Short text fragments from websites:
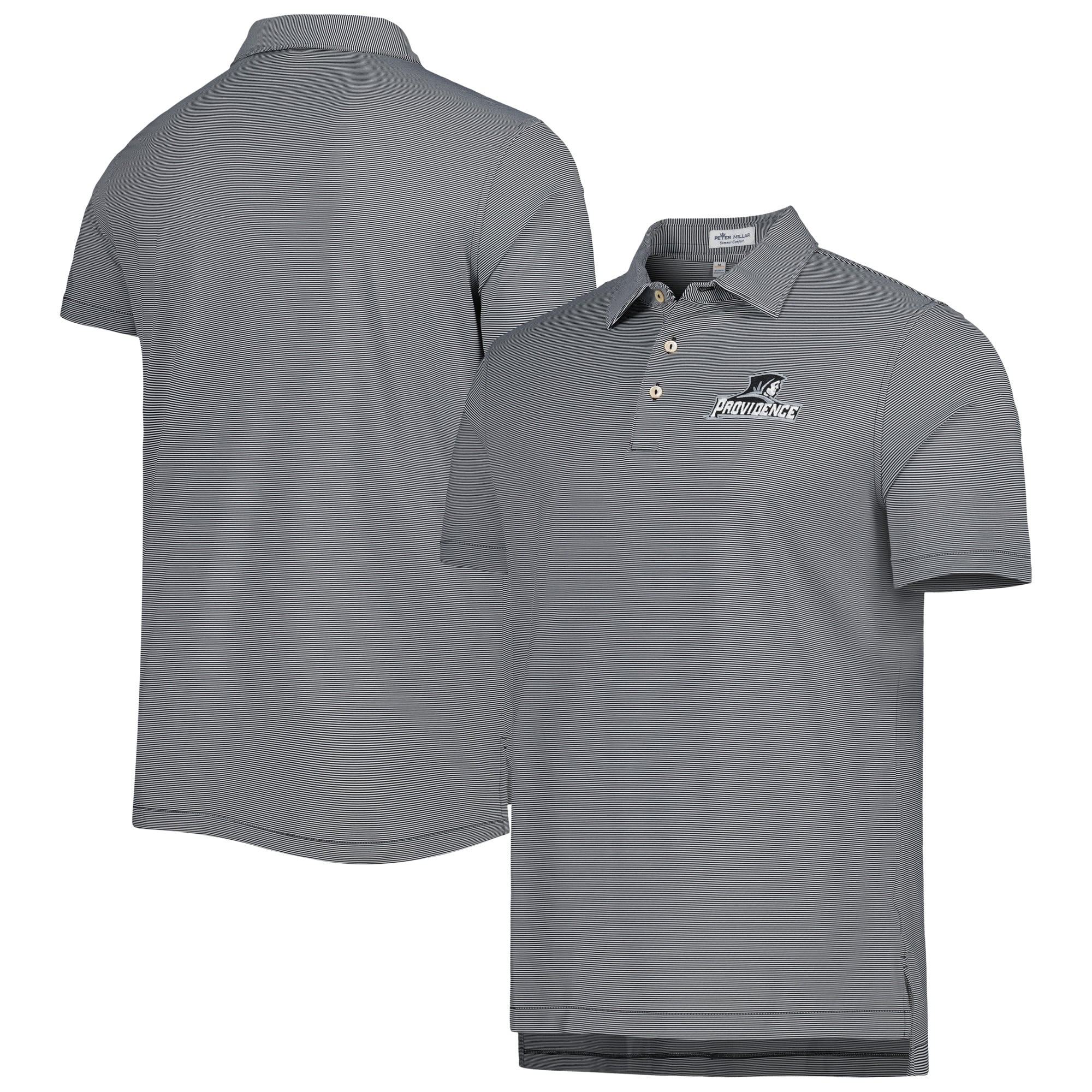 Men's Peter Millar Black Providence Friars Jubilee Striped
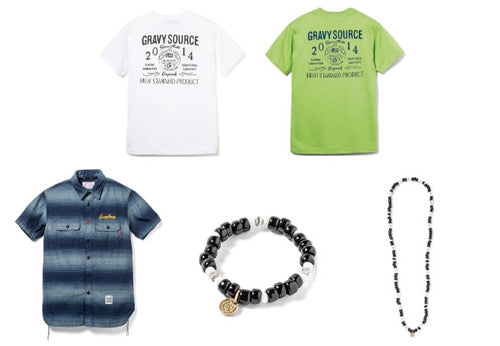 GRAVY SOURCE　入荷！！！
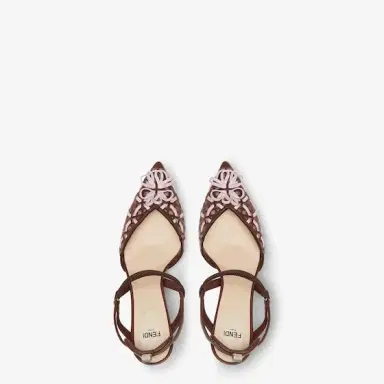 Fendi Streamlined and feminine Colibrì Lite slingbacks | Thumbnail 4 Fendi Streamlined and feminine Colibrì Lite slingbacks | Thumbnail 4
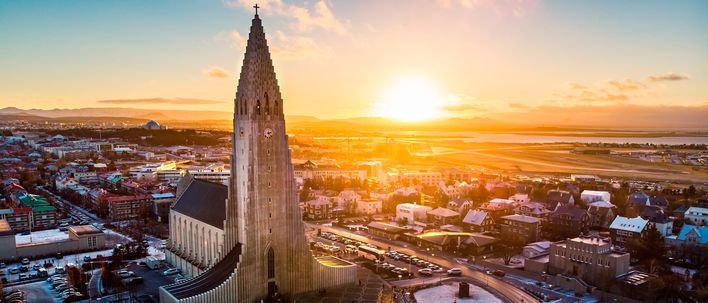 Reykjavík auf Island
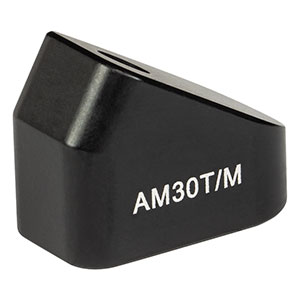 AM30T/M - 30° Angle Block, M4 Tap, M4 Post Mount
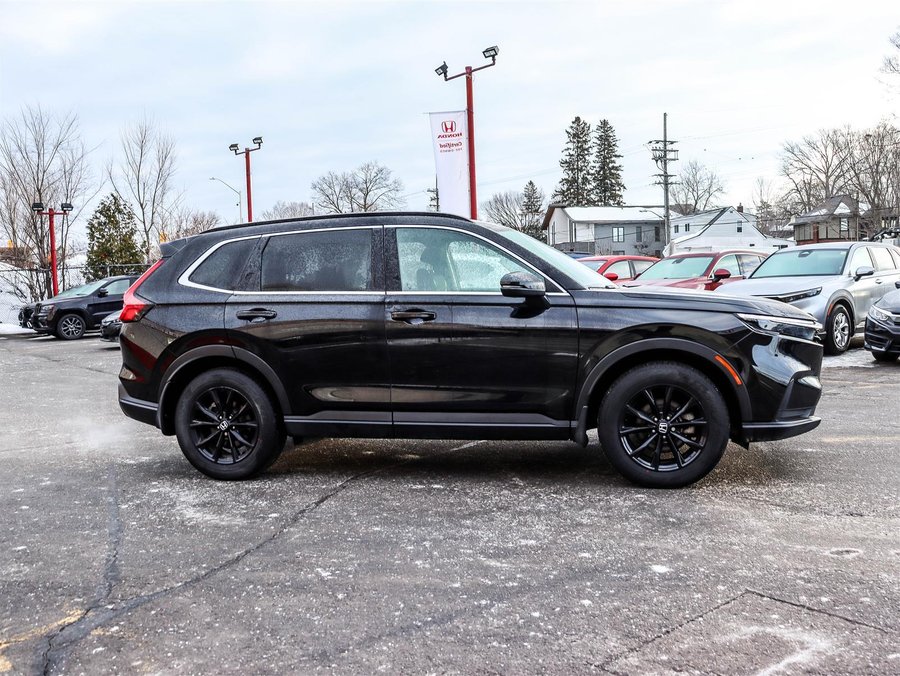 Honda CR-V 2024 2024 Black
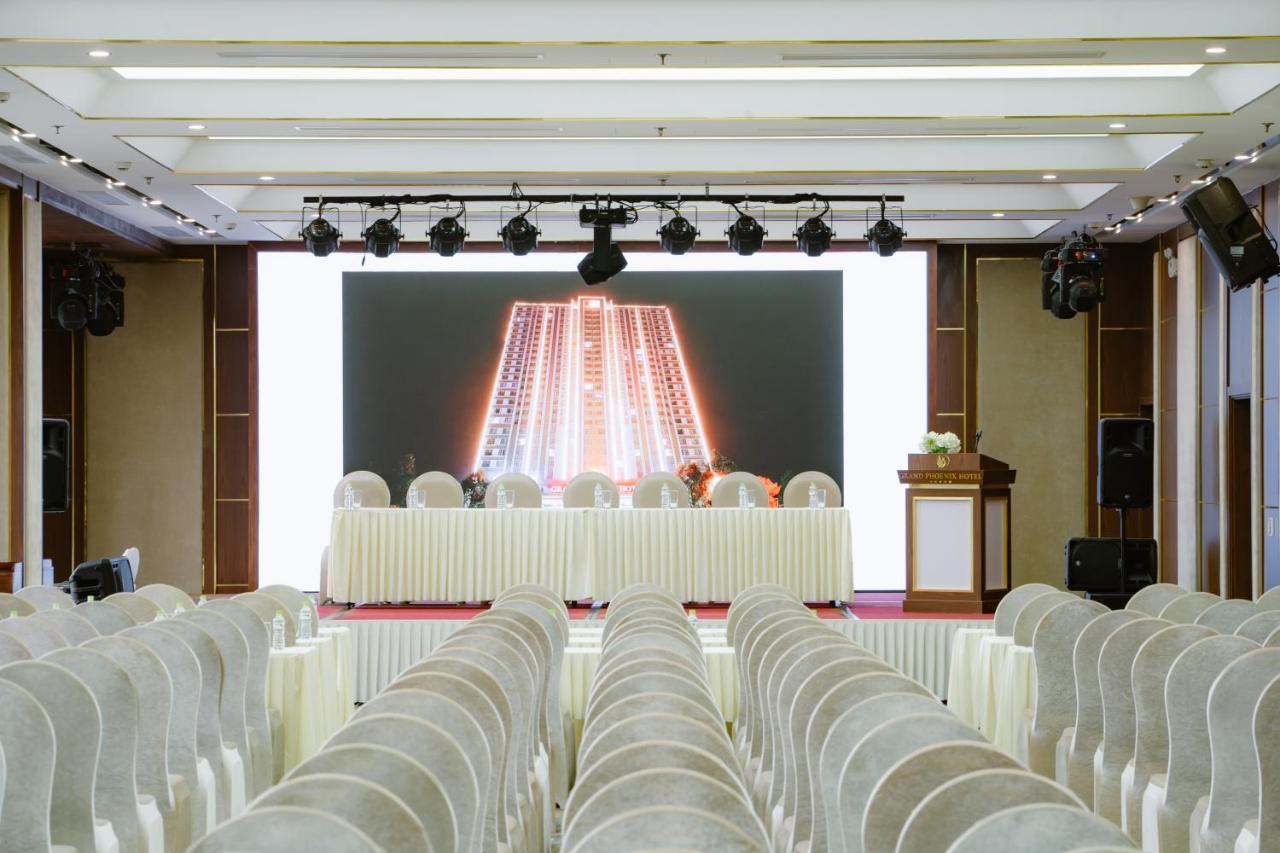 Grand Phoenix Hotel Bắc Ninh Buitenkant foto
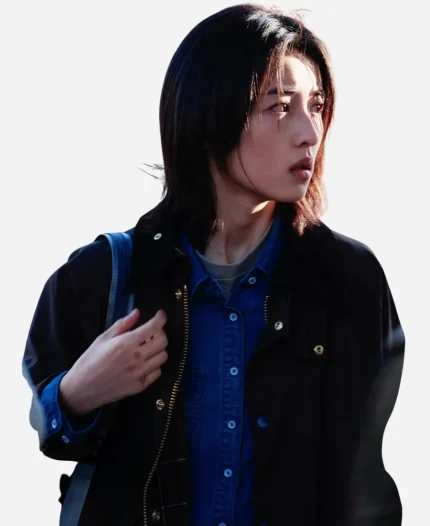 The Shadow’s Edge Zhang Zifeng Black Jacket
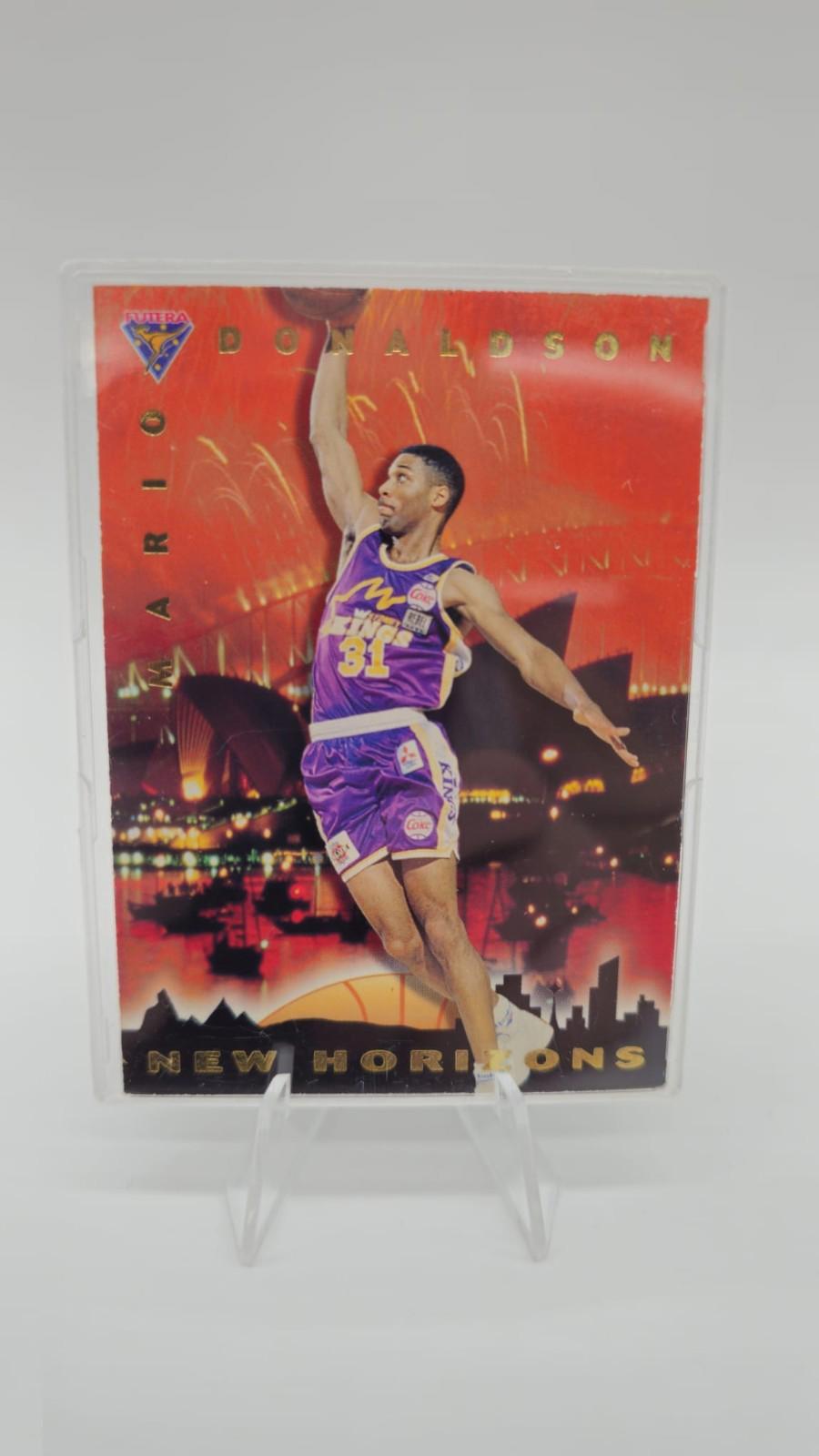 1994 Australia Basketball Card NBL 'Series 2 New Horizon' Card Full Set (6)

◆ **Instructions for the task**: Copy the entries above verbatim. Pictures do not belong in the copy.

◆ **Solution for this exercise**:
 Men's Peter Millar Black Providence Friars Jubilee Striped
 GRAVY SOURCE　入荷！！！
 Fendi Streamlined and feminine Colibrì Lite slingbacks | Thumbnail 4 Fendi Streamlined and feminine Colibrì Lite slingbacks | Thumbnail 4
 Reykjavík auf Island
 AM30T/M - 30° Angle Block, M4 Tap, M4 Post Mount
 Honda CR-V 2024 2024 Black
 Grand Phoenix Hotel Bắc Ninh Buitenkant foto
 The Shadow’s Edge Zhang Zifeng Black Jacket
 1994 Australia Basketball Card NBL 'Series 2 New Horizon' Card Full Set (6)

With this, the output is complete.